Amazon Redshift is a cloud data warehouse that is optimized for the analytical workloads of business intelligence (BI) and data warehousing (DWH). Jitsu supports both Serverless and Classic Redshift

## Features

| Feature                                       | Supported                          |
|-----------------------------------------------|------------------------------------|
| [Batch Mode](#batch-mode)                     | ✅                                  |
| [Stream Mode](#stream-mode)                   | ⚠️ <sup>[slow](#stream-mode)</sup> |
| [Deduplication](#deduplication)               | ✅                                  |
| [Queries Optimization](#queries-optimization) | ✅                                  |

## Configuration

Jitsu supports both database username/password based authentication and IAM Role based authentication for Redshift data warehouse.

### General parameters

| Parameter name            | Description                                                                                |
|---------------------------|--------------------------------------------------------------------------------------------|
| **Authentication Method** | `password` - Username/Password based authentication, `iam` - IAM Role based authentication |
| **Region**                | AWS Region of Redshift Cluster and S3 bucket                                               |
| **Database**              | Redshift database name                                                                     |
| **Schema**                | Redshift schema                                                                            |
| **S3 Bucket Name**        | S3 Bucket Name                                                                             |

Configuration settings depend on the selected authentication method.
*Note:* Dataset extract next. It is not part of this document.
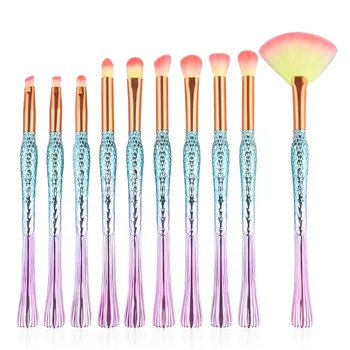 

NEW 10Pcs Diamond Shape Makeup Brushes Set Face & Eye Foundation Powder Blush Rainbow Make Up Eyeshadow pincel maquiagem Kits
### Username/Password based authentication

| Parameter name           | Description                                 |
|--------------------------|---------------------------------------------|
| **Host**                 | Redshift public endpoint                    |
| **Username**             | Redshift username                           |
| **Password**             | Redshift password                           |
| **S3 Access Key Id**     | S3 Access Key Id                            |
| **S3 Secret Access Key** | S3 Secret Access Key                        |

### IAM Role based authentication

| Parameter name          | Description                                             |
|-------------------------|---------------------------------------------------------|
| **Redshift Serverless** | `true` if connecting to Redshift Serverless instance    |
| **Cluster Identifier**  | Redshift cluster identifier (**Redshift Cluster** only) |
| **Workgroup name**      | Redshift workgroup name (**Redshift Serverless** only)  |
| **Role ARN**            | IAM role ARN                                            |
| **Username**            | Redshift username (**Redshift Cluster** only)           |

To setup IAM Role based authentication for Redshift, follow the [Advanced: IAM Role for Jitsu](#advanced-iam-role-for-jitsu) section.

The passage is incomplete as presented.